FSP SMPS SAGA II 500 - www.deltapage.com

This store is located in Richie Street , I've dealt with them before. The store is kinda hard to locate in that stupid maze , so it's best you buy online from them.

I personally recommend the Corsair VX450W , but it seems like it's too expensive for you.


----------



## doomgiver (May 23, 2011)

*Re: 450 w psu*

fsp saga2 400W will do fine for you.


----------



## Tachyon1986 (May 23, 2011)

*Re: 450 w psu*

Please for the love of God , do NOT take Zebronics especially if you've got any fancy graphics cards running. In my old PC, the GPU died after a power spike from the Zebronics PSU , barely 3 months after I bought the GPU.

Zebronics is a really poor brand , use it only on barebones systems.
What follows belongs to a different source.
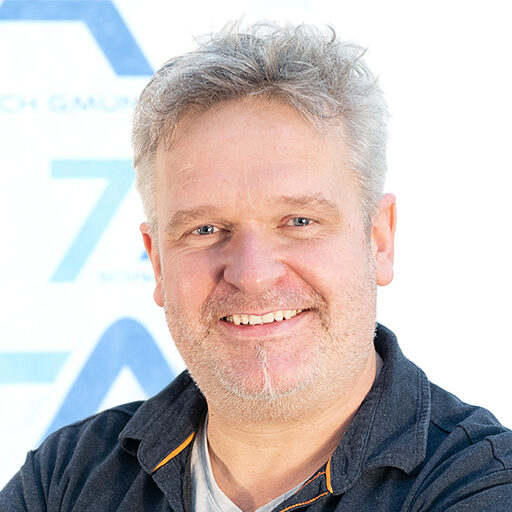 Ein lächelnder Mann mittleren Alters mit hellem Haar und einem kurzen Bart, der ein dunkles Hemd mit Kragen und orangefarbenen Zierstreifen trägt und vor einem weißen Hintergrund mit blauem Text und blauen Formen steht.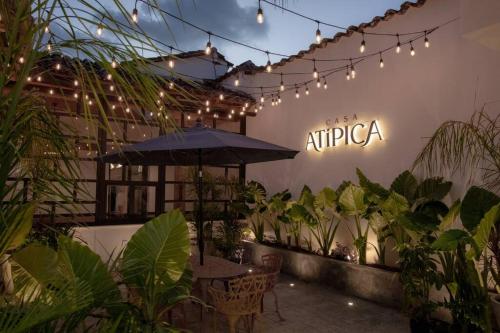 a restaurant with an umbrella and a sign on the wall at Casa Atipica in San Cristóbal de Las Casas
If you're planning to buy a gaming/multimedia PC , then toss it out the window.


----------



## omega44-xt (May 23, 2011)

*Re: 450 w psu*



Tachyon1986 said:


> @anupam_pb
> 
> Rs.2400 at Deltapage in Chennai.
> 
> ...



Is the PSU for a normal cabinet(i think its called micro ATX ) ? Looks like it is for a HTPC with fan located above


----------



## doomgiver (May 23, 2011)

*Re: 450 w psu*

naah, its for full atx and mini-atx(i think, not sure) cabby's.

the fan is at the BOTTOM, not top.
if the fan is on top, how will the fan create airflow, silly


----------



## omega44-xt (May 24, 2011)

^^
In a dell inspiron 560s (slim tower), the PSU is located at bottom & fan blows up from the PSU.
That is why i've a doubt !!


----------



## vickybat (May 24, 2011)

^^ Do you have a slim tower cabby? If not, then it will fit all psu's. Go for the saga 400 or 500 in case you plan to upgrade the gpu in future.Its wise to have some headroom for further upgradation.


----------



## doomgiver (May 24, 2011)

anupam_pb said:


> ^^
> In a dell inspiron 560s (slim tower), the PSU is located at bottom & fan blows up from the PSU.
> That is why i've a doubt !!



well, you can just flip it over and use it, no?? i mean there is no "up" and down in those things


----------



## omega44-xt (May 24, 2011)

I've a normal cabinet (i think its called microATX, pls tell me)

I dont think blowing hot air over processor & gpu a good thing ! Will it ovrheat my PC ? Should i install another fan abov processor on cabinet. There r 4 pins on cabinet with ventilation over processor. I'll post pics tomorrow


----------



## doomgiver (May 24, 2011)

no, these fans suck in air and then pass it over the hardware in the psu and then push it out. the hot air never touches the cpu


----------